The outer loop measurement doesn't suffer from this, so it gives you the true overall time in cycles.
Suggested fix
Here's a simple helper struct/class that will allow you to account for time in various accumulators without "time leaks." Anytime you call the "split" member function you have to give it an accumulator variable, by reference, where it will accumulate the previous time interval:
struct Timer {
uint64_t _previous_tsc;
Timer() : _previous_tsc(rdtsc()) {}
void split( uint64_t & accumulator )
{
uint64_t tmp = rdtsc();
accumulator += tmp - _previous_tsc;
_previous_tsc = tmp;
}
};
Now you can use one instance to time the "splits" of your inner loop and another for the overall outer loop:
uint64_t flagtime = 0; // outer loop
uint64_t otherTime = 0; // inner split
uint64_t iterateTime = 0; // inner split
uint64_t loopTime = 0; // inner split
Timer tsc_outer;
Timer tsc_inner;
while(! it2->done()) {
tsc_inner.split( loopTime );
bool cont = it2->Next(); //if we have more in the state table, we continue
if(!cont) break;
totalF2+=it2->value2(); //for experiment, recording the sum of v
updates++; //for experiment, recording the number of updates
tsc_inner.split( otherTime );
run_iter(it2->key(), it2->value1(), it2->value2(), it2->value3());
tsc_inner.split( iterateTime );
}
tsc_outer.split( flagtime );
This is now "tight" you won't miss any cycles. One caveat though, it still uses RDTSC
instead of RDTSCP
so it isn't serializing, which means you might still under-report the time spent in one split (like iterateTime) while over-report some other accumulator (like loopTime). Cache misses in run_iter() that aren't accounted for in iterateTime will be accounted for in loopTime.

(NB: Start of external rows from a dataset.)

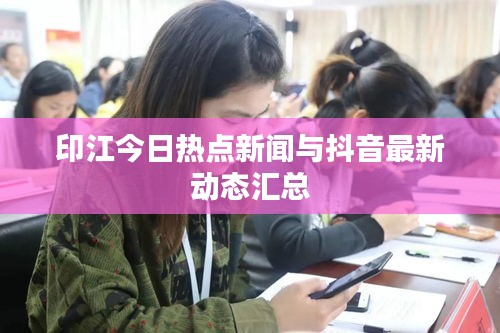 印江今日熱點(diǎn)新聞與抖音最新動(dòng)態(tài)匯總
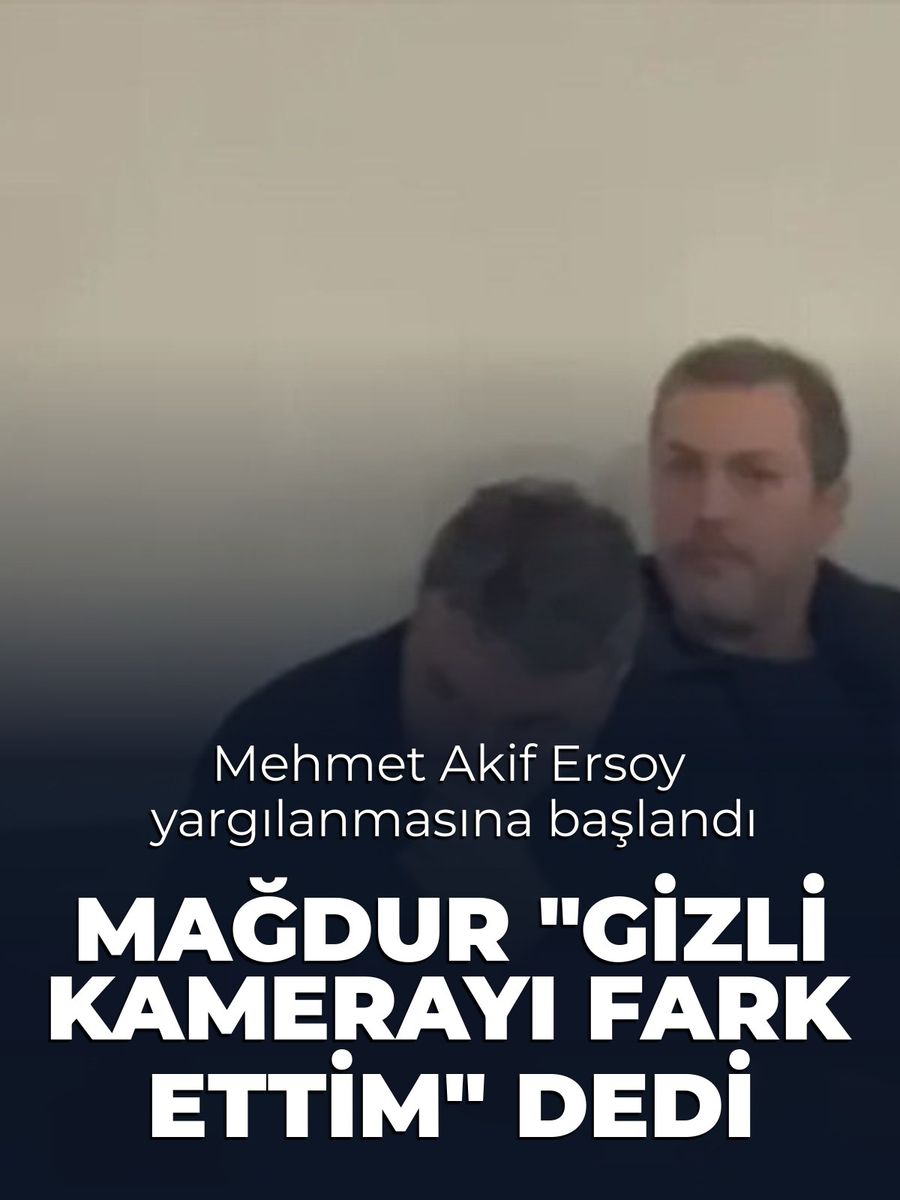 Mehmet Akif Ersoy hakkında 286 yıla kadar hapis istemiyle yargılanmasına başlandı: Mağdur gizli kamerayı fark etti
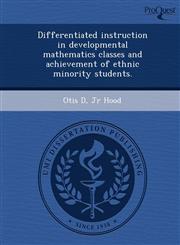 Differentiated instruction in developmental mathematics classes and achievement of ethnic minority students.,1249032016,9781249032014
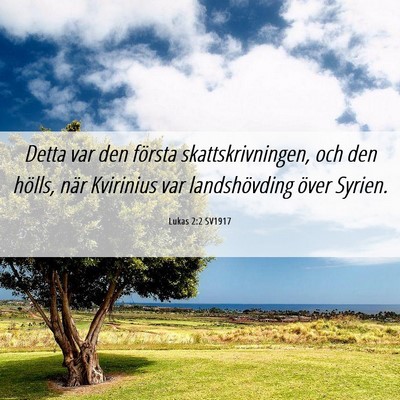 Picture 06 - Lukas 2:2 SV1917 - Detta var den första skattskrivningen, och den - Bible Verse Picture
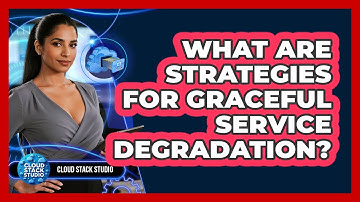 What Are Strategies For Graceful Service Degradation?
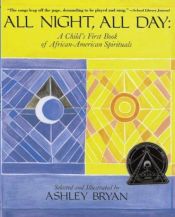 book cover of All Night, All Day: A Child's First Book of African-American Spirituals by Ashley Bryan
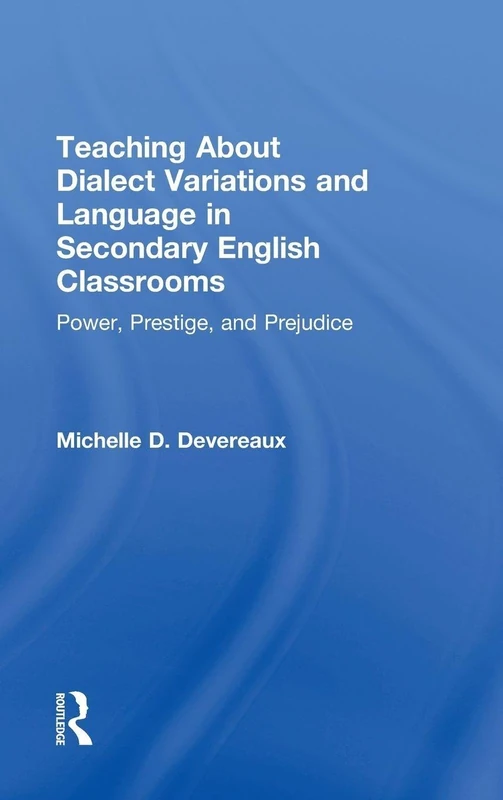 Routledge - Teaching Dialect Variations in English Classrooms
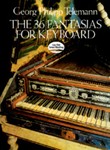 Thirty-six Fantasias For Keyboard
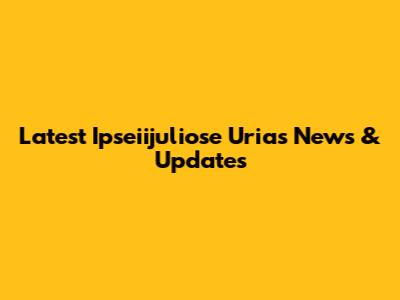 Latest Ipseiijuliose Urias News & Updates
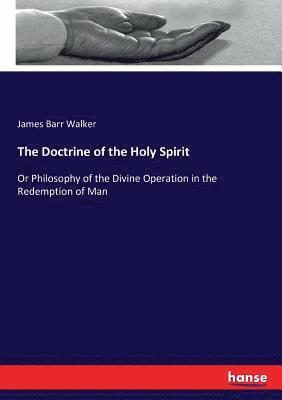 bokomslag Doctrine of the Holy Spirit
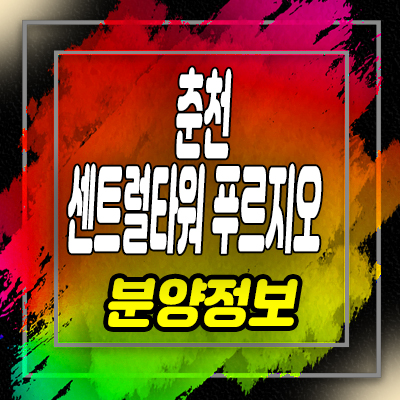  춘천 센트럴타워 푸르지오 1차 상가 온의동 상업시설 분양가 및 일정안내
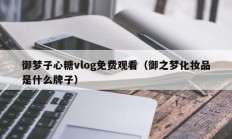 御梦子心糖vlog免费观看（御之梦化妆品是什么牌子）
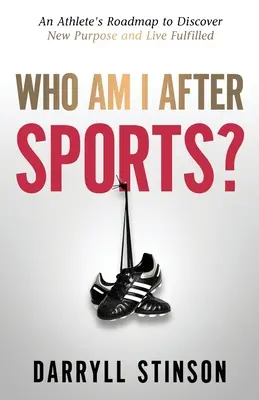 Cine sunt eu după sport? Foaia de parcurs a unui atlet pentru a descoperi un nou scop și a trăi împlinit - Who Am I After Sports?: An Athlete's Roadmap to Discover New Purpose and Live Fulfilled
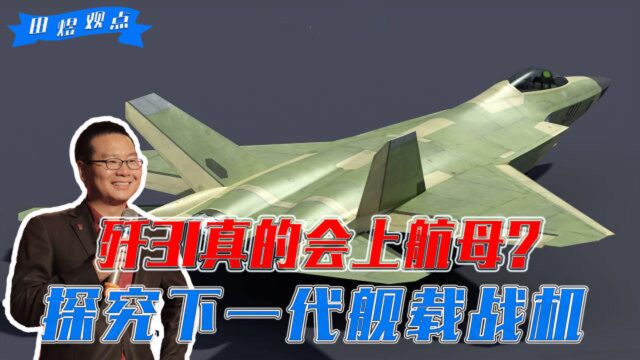 歼31真的会上航母?探究下一代舰载战机,田煜:或在2025年服役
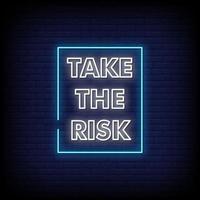 Take The Risk Neon Signs Style Text Vector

Note: the Hypervisor of the Virtual Machine may be trapping RDTSC
One thing to note is that in a virtual machine it is possible that the hypervisor sets a control register to force the CPU to fault when a user level program attempts to execute RDTSC
... that would definitely serialize execution, and would be a huge performance bottleneck. In these cases the hypervisor emulates
execution of RDTSC
and provides a virtual timestamp to the application. See SO question Weird program latency behavior on VM.
Initially I thought this wasn't the issue you were observing, I'm wondering now if it is. If in fact the virtual machine is trapping the RDTSC
then you have to add the overhead of the hardware saving the VM registers, dispatching the kernel/hypervisor, and resuming your application after "fixing" EDX:EAX to emulate the RDTSC
... 50 billion cycles is a long time, at 3 GHz that's over 16 seconds. That would explain why you had so much time missing... 11 billion cycles... (44 - 33).